There is a Russian Roulette aspect to these tournaments, which is at odds with two of my strengths in online tournaments: (1) I excel at the stealing game because I think players are too tight in the later stages of online tournaments; and (2) I’m pretty confident in the quality of my post-flop play, especially compared with online players. I’m not comfortable that I’ve figured out how to adapt, and I’d be surprised the Full Tilt pros have figured out how to adapt their range of skills such situations.
SUGGESTIONS FOR THE NEXT FTOPS
This is all going into my memo to Uncle Tilty.
First, they should run MTT SnG satellites. Right before the events, as well as before the Monday $1K, they run loads of turbo satellites. They should make those MTT SnGs so they can start as soon as they fill.

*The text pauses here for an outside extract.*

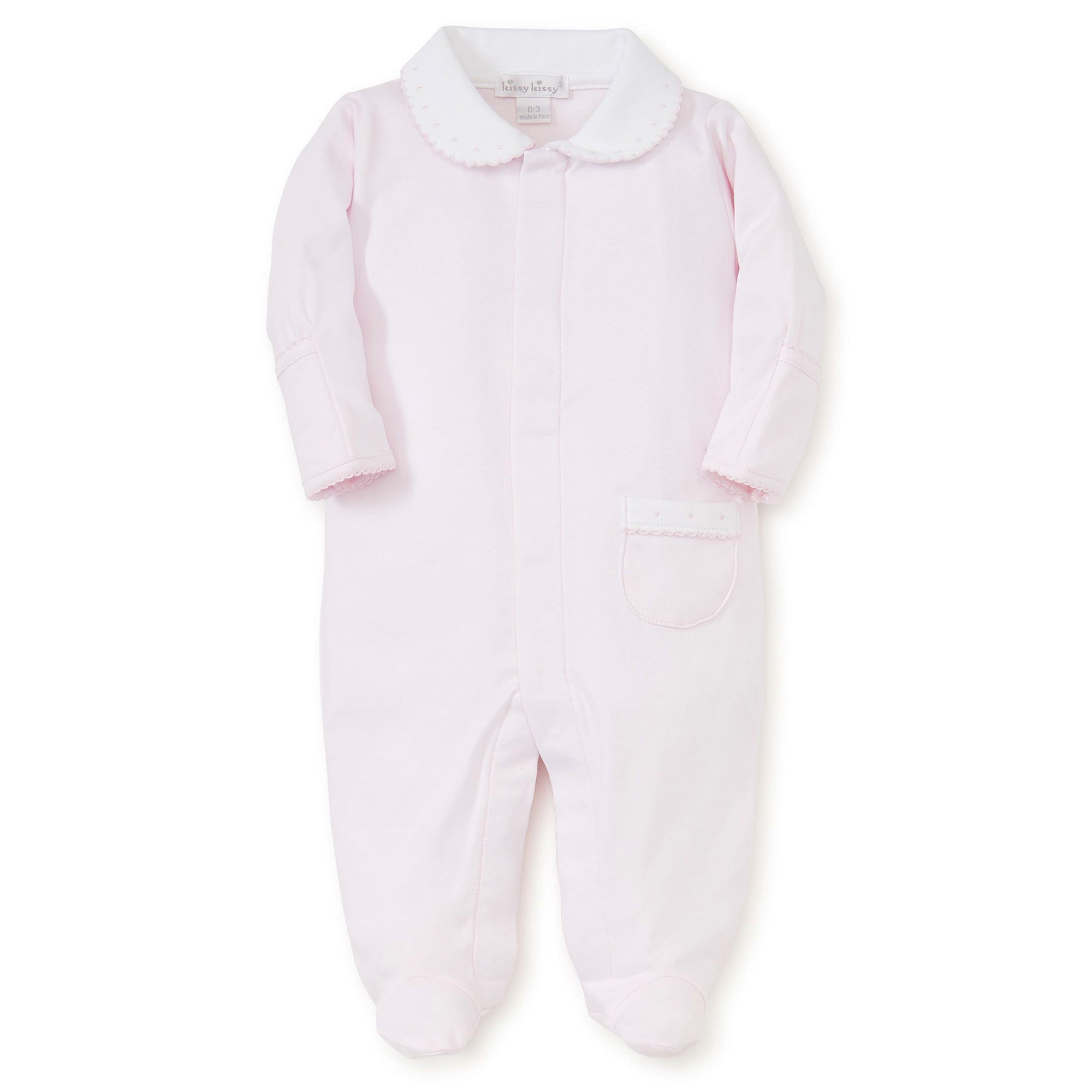 Kissy Kissy Baby Girls Light Pink New Beginnings Footie with Collar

Second, they should have a Mixed Hold ‘Em event in the next FTOPS. Because I made a final table in this at the WSOP, I was thinking it would be my best shot at hosting one. But Greg Mueller finished second in the bigger buy-in Mixed Hold ‘Em event, so I’m really just pimping for greater glory for FBT. But he’s a good guy, so it’s cool.
Third, they should run an FTOPS turbo event. I’ve been harping on them to have regular turbo MTT SnGs to no effect. But people LOVE the turbo events everywhere else on Full Tilt – almost all the SnGs above $50 are turbos – and I’ve done well in them so it’s another shot at glory for me.